The other possible meanings of “data mart” in data warehousing practice are (which I’m not talking about them in this article):
- An OLAP cube. Usually quite small in size, created from 1 or 2 fact tables (and the necessary dimension). Probably not at the lowest grain but at higher/summarised level.
- A relational database but not dimensional (not fact & dim). Usually it is not at 3rd normal form either. Just a collection of tables without (necessarily) having referential integrity / foreign key relationships between the tables. It’s quite a small database, there are not many tables, probably between 5 and 15.
Whereas for the term “data warehouse”, it’s as what I defined in my book: a data warehouse is a system that retrieves and consolidates data periodically from the source systems into a dimensional or normalised data store. It usually keeps years of history and is queried for business intelligence or other analytical activities. It is typically updated in batches, not every time the transaction happens in the source systems.

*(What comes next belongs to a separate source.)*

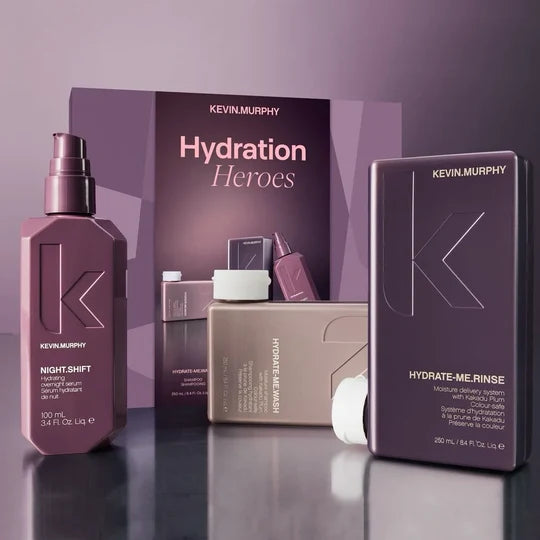 Kevin Murphy Haircare 'Hydration Heroes' gift set featuring a Night-Shift hair serum bottle, a Hydrate-Me Rinse box, and a Hydrate-Me Serum box, arranged in front of a branded display card on a reflective dark surface.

So, with those meanings of data mart and data warehouse in mind, the reasons for creating a data mart from a data warehouse are:
- Because we need to create a static copy of a few fact tables (with their corresponding dimensions) which does not change every day like the warehouse, for analysis purposes. Usually it’s only temporary. The users use the data in the mart for a project which does not last long, say a few days to a few weeks. And after that the data mart is deleted.
- Because they need a mart for data mining. Processing a data mining model (“training”, “predictive analysis”) creates heavy work load and we don’t want it to affect the performance of the central/core warehouse.
- To ease the query workload on the warehouse. Say 50% of the reports are querying one certain fact table (and its dimensions). To enlighten the burden of the warehouse we create a copy of that fact table (and its dimension) in a separated database located on different server, and point some of th reports that way. This mart is refreshed/updated every day.
- Because they want to change the data to simulate some business scenarios. They can’t change the data in the core warehouse (it will affect everybody!) so we provide a data mart for them to running their scenarios.
- To support the query performance of the reports (the mart is structured differently, indexed differently). Probably putting additional tables in it (summary tables/fact at higher grain, or list tables). The mart is usually read only, refreshed/updated every day.
- Because the data warehouse is in normalised format (kind of NDS, probably on PDW), so we need to build a dimensional mart for the analytics/OLAP to get the data from.